• **Exercise instructions**
The material below includes pictures; leave them out and return only the lines between the line containing "Antique American Empire" and the line containing "Op maat gemaakte", inclusive, word for word.

• **Extracted information**
______
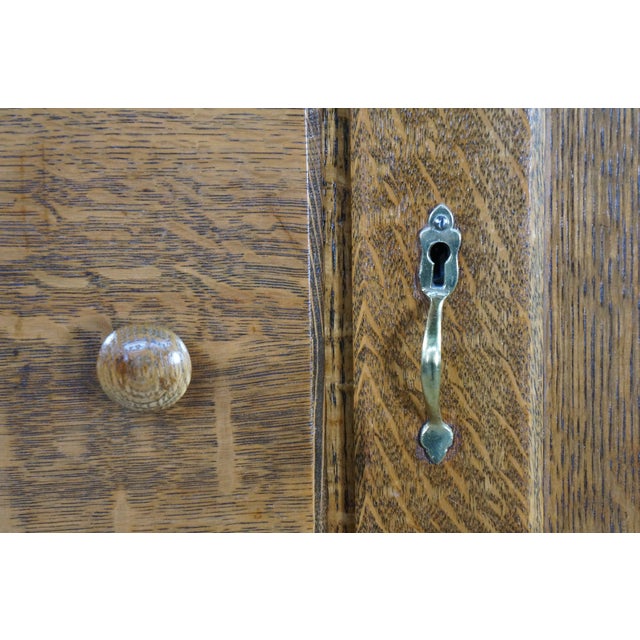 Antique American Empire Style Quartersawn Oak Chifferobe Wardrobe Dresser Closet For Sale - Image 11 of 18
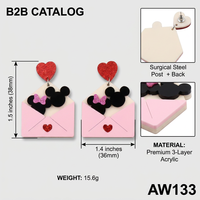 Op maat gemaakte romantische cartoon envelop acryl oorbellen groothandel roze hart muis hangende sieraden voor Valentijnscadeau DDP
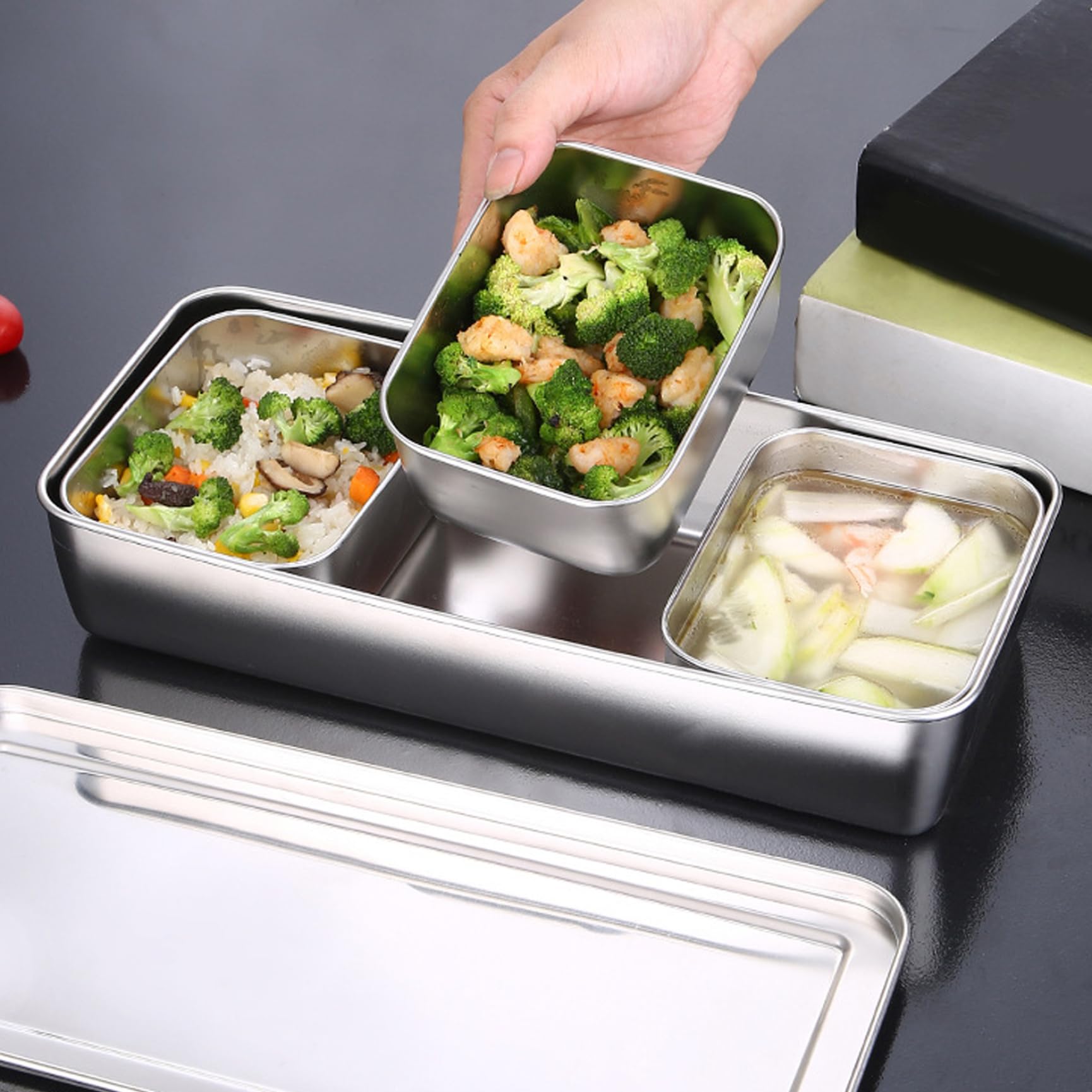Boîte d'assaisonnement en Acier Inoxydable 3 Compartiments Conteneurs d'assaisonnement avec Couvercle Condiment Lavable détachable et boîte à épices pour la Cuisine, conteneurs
______
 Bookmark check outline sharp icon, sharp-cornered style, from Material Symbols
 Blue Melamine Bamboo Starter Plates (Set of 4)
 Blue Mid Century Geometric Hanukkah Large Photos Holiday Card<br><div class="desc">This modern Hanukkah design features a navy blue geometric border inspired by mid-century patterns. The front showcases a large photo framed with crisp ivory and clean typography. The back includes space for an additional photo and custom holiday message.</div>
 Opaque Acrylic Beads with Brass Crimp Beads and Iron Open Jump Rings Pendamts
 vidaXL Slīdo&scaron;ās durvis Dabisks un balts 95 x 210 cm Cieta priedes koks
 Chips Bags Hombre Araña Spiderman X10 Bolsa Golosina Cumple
______
• **Response area**
 Antique American Empire Style Quartersawn Oak Chifferobe Wardrobe Dresser Closet For Sale - Image 11 of 18
 Op maat gemaakte romantische cartoon envelop acryl oorbellen groothandel roze hart muis hangende sieraden voor Valentijnscadeau DDP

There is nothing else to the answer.